Getting sold off will sever AMX from the "8,000 programmers" they are relying on for resurrecting RESI with the new AMX LIVING, said to be expected Q1 2017.
That would make it nearly impossible to meet the high goals for the quality and breadth of the product they have planned.
Thanks, John. Your comment is spot on. While we are only leveraging a couple small team of folks from Connected Services today to assist with development of the next generation of AMX Living, they will play an important role moving forward in the process. Certainly in the short term, the Samsung announcement is not expected to have any impact on our plans. The acquisition will not close until mid 2017, and at that time, Harman will be operated as a stand-alone subsidiary. Just as we have been able to leverage all of the resources that Harman has to offer to move the residential business forward in the last year, I anticipate our access to technologies and capabilities to only increase once the Samsung deal has closed. Time will tell, but the outlook is very promising.
Thanks for the info John, although if its remotely close to AMX Home then I certainly am not interested.
Hi Matt,
The only relationship AMX Living has to AMX Home is the concept.
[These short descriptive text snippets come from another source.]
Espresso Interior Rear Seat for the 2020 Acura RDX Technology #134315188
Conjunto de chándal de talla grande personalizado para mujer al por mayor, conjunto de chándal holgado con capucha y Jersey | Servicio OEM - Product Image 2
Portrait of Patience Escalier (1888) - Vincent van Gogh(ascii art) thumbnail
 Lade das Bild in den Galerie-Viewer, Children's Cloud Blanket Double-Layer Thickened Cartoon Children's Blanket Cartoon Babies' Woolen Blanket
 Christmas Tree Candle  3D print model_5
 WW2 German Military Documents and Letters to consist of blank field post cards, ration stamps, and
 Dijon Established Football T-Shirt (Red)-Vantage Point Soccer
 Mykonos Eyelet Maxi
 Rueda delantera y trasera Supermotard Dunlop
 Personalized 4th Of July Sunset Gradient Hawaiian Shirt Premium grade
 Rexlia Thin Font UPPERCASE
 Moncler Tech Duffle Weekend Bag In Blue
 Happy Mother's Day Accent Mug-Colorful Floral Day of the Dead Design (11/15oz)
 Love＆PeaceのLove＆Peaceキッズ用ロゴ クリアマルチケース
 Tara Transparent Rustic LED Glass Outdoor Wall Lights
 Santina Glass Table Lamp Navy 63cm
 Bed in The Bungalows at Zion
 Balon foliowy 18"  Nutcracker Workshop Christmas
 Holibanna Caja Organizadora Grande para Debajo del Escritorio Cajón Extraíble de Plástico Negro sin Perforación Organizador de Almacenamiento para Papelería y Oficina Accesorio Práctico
The goal has always been to streamline the process of the design and delivery of an AMX system, and take ownership of the user experience as best as we can while retaining the custom capabilities that is the power of the AMX platform. We have resources dedicated to this endeavor (3 separate dedicated teams, one for the system design tool, one for the back end code, and one for the user experience development) far beyond what we had committed to AMX home. Over the last 3 years with AMX Living we have successfully demonstrated that you can deliver a solution that satisfies the expectations of our most demanding UHNW end users while cutting out 95% of the custom development time.
I'd be happy to answer any specific questions you have, or give you a demonstration if you'd like.
I appreciate the information Adam. Its been a couple years since I have been in the resi field, but when I heard something from AMX for resi my ears definitely perked up.
What about module support for current in demand products like HEOS or Sonos. The new Wireless T-Stat, Echo, Google voice, etc. Any resi guy ist still going to have to compete with C4, Clare, Savant, C reston, etc and most have support for some or all of the current trending devices. Since this stuff changes so fast I can no longer justify the time and expense to code these types pf devices myself and this is true for most guys in resi. Plus a lot can't do it too.
How about some details on the new wireless TPs, what, when, how..... Anything else worth knowing for us resi AMX expats.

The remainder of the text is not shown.